Message from NJMVC Administration
Upon reopening, NJMVC Chief Administrator Sue Fulton noted the agency was expecting unusually high customer volumes for reopening July 7. The agency pre-deployed to busiest agencies two hours ahead of start time.
Additionally, the agency said its senior staff were deployed to help process transactions. It asked customers to visit the agency website to check for line times.
“While we understand the frustration of our customers in this extremely challenging and difficult time, our employees are doing the best they can to keep everyone safe and work as efficiently as possible,” she said.
A Lack of a Planning
Bucco lamented the agency’s lack of planning regarding reopening, saying it stemmed from a failure of leadership. He argued New Jersey residents deserved better.

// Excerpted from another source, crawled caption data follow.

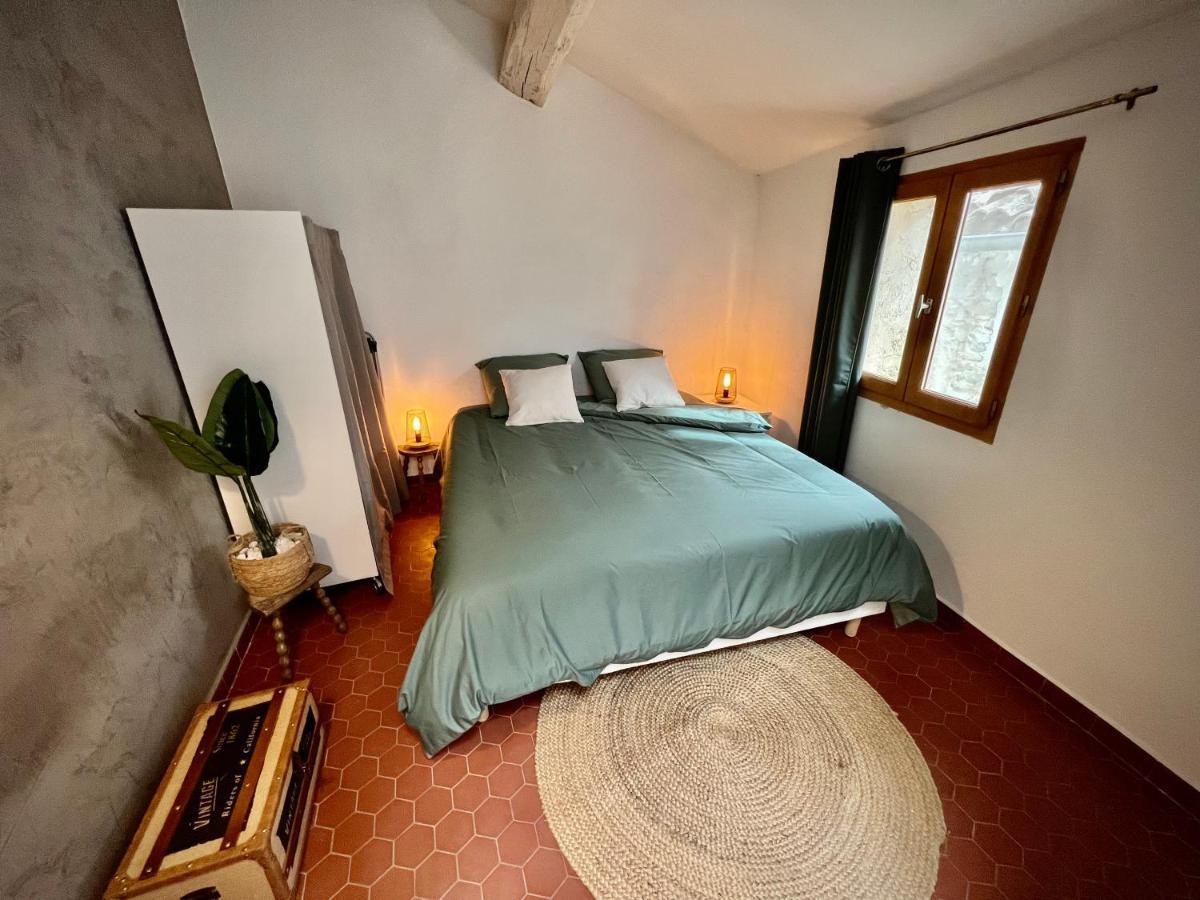 Charmant Appartement Bedoin Exterior photo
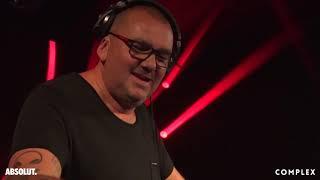 Complex Livestream presents Yves Deruyter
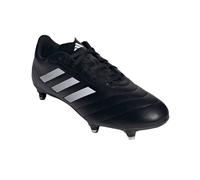 Adidas Mens Goletto VIII Soft Ground Football Boots - Black - Black - 8 UK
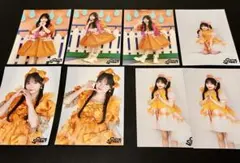 川本笑瑠 8枚 CUTIESTREET きゅーすと トクポ 生写真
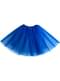Tutù azzurro per bambina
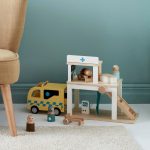 Kid's Concept Játékkórház felszereléssel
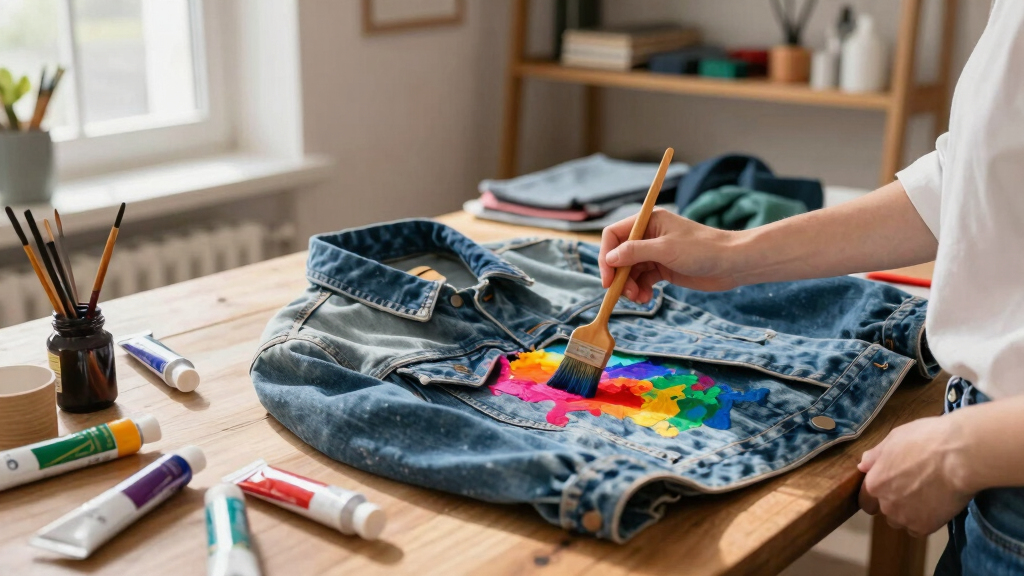 12 Best Fabric Paints for DIY Projects and Crafts – Tried and Tested for Vibrant Results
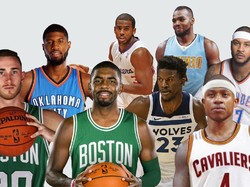 Mereka yang Berpindah Klub di NBA 2017/2018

“Look at the situation. The lines are horrendous. They had to know this was coming. I warned them and everybody knew it,” he said. Bucco had suggested extending expiration dates for driver’s licenses and vehicle registrations, extended until crowds had died down.
Corrado was baffled as well at the MVC being so unprepared, stating “It is crystal clear they are unprepared. People, waiting for many hours to complete necessary transactions, are living a nightmare.”

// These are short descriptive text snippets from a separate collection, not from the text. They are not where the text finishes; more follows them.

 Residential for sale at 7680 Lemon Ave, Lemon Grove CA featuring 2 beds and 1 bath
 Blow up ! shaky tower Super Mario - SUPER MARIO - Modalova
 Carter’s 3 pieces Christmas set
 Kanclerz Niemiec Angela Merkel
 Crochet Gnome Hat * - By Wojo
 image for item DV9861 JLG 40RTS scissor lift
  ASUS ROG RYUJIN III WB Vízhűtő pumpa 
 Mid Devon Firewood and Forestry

The state senator noted at the Wayne MVC office in her legislative district, the situation was so bad the local police shut down the office as traffic backed up onto Route 46, creating a hazardous situation.
“NJMVC’s performance has been an abysmal failure,” Corrado said. “Locally, they were so overwhelmed they were utilizing police officers to screen cars on Route 46 before they entered the facility to get them into the right cues. It is obvious there has been no preparation, no planning, no leadership.”